Beyond the starter sizes of astronomical telescopes, keen amateur astronomers usually yearn for something bigger.
The ‘something bigger’ often takes the form of the popular 200mm (8″) size.
At this size there is some shake-out of the options available, as the refractors are long and heavy, and price themselves out of the running except for enthusiasts with deep pockets.
On the other end of the scale, you can get a Newtonian 200mm, on a Dubsonian mount, for under £300, cheap enough to tempt the unwary beginner. The Dobsonian mount was designed to be cheap, light and portable, for mounting large Newtonians and taking them out to astromeets and dark-sky sites, and designed to be easy to make as a DIY project. It is not really intended for starter-scopes. No single-axis tracking, no slow motions, no powered drives and no Goto.
For a Newtonian mounted on a solid equatorial mounting with electric drives and Goto, you can triple the above price.
The advantages of a Newtonian are cheapness and (usually) a short focal ratio good for astro-photography. That’s it.
Disadvantages: needs frequent collimation checks, awkward eyepiece position, requires eyepieces designed for short-focus telescopes.
Further up the scale are the catadioptric telescopes, usually a SCT (Schmidt-Cassegrain Telescope) in this size range.

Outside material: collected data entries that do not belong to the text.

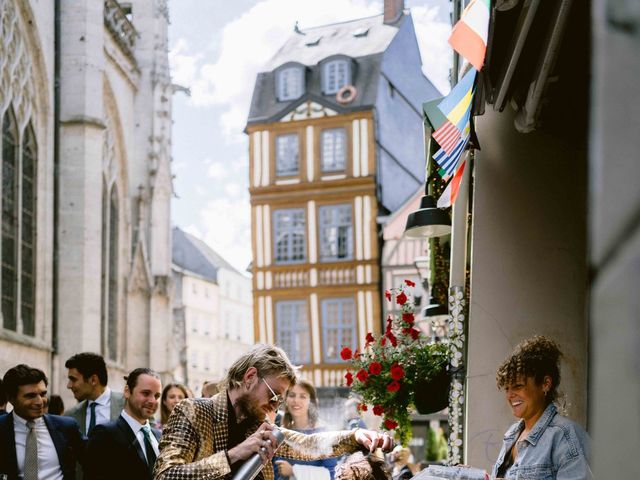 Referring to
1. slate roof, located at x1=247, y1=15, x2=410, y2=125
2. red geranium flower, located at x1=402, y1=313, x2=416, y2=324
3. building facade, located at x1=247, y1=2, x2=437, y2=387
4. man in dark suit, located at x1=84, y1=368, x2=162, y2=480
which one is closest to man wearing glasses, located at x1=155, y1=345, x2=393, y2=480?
man in dark suit, located at x1=84, y1=368, x2=162, y2=480

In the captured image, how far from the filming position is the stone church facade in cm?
1947

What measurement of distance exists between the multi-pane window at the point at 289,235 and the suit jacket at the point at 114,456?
1088 inches

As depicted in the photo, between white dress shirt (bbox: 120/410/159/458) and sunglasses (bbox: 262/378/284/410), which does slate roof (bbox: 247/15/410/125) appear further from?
sunglasses (bbox: 262/378/284/410)

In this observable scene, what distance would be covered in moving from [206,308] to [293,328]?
112ft

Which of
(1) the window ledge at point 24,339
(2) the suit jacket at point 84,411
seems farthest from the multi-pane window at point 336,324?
(2) the suit jacket at point 84,411

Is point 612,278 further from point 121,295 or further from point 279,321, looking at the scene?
point 279,321

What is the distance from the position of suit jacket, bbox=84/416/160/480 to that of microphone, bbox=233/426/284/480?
2235 millimetres

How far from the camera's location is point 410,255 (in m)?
31.0

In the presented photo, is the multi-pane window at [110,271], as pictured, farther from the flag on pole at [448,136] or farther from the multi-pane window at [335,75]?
the flag on pole at [448,136]

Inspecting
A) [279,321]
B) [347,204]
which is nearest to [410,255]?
[347,204]

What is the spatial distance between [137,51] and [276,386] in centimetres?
2591

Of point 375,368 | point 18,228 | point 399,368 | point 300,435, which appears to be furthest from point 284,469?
point 18,228

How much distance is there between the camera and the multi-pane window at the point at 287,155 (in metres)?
33.3

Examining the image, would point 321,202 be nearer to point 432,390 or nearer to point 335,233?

These have a folded optical train and a corrector plate at the front, giving a compact tube and a convenient eyepiece position, with a long focal ratio. They do not require frequent checking or adjustment. With a Goto mounting, they cost from around £1300. Good for astro-photography and general viewing (except wide-field). If you want the very best, you can spend £10,000 on a superb and fully equipped catadioptric 8″ telescope and mounting. Not that many people do, other than university astronomers.
A Goto mount will allow you to rapidly find objects by their RA and declination, something that setting circles are supposed to do but actually don’t, except at an observatory. Also they can be hooked up to a laptop for sundry purposes including accessing observing lists from the Internet.
Norton’s Star Atlas and Goto firmware databases contain small lists, but download a full list of what double stars your telescope should be able to resolve, and you’ll be gobsmacked.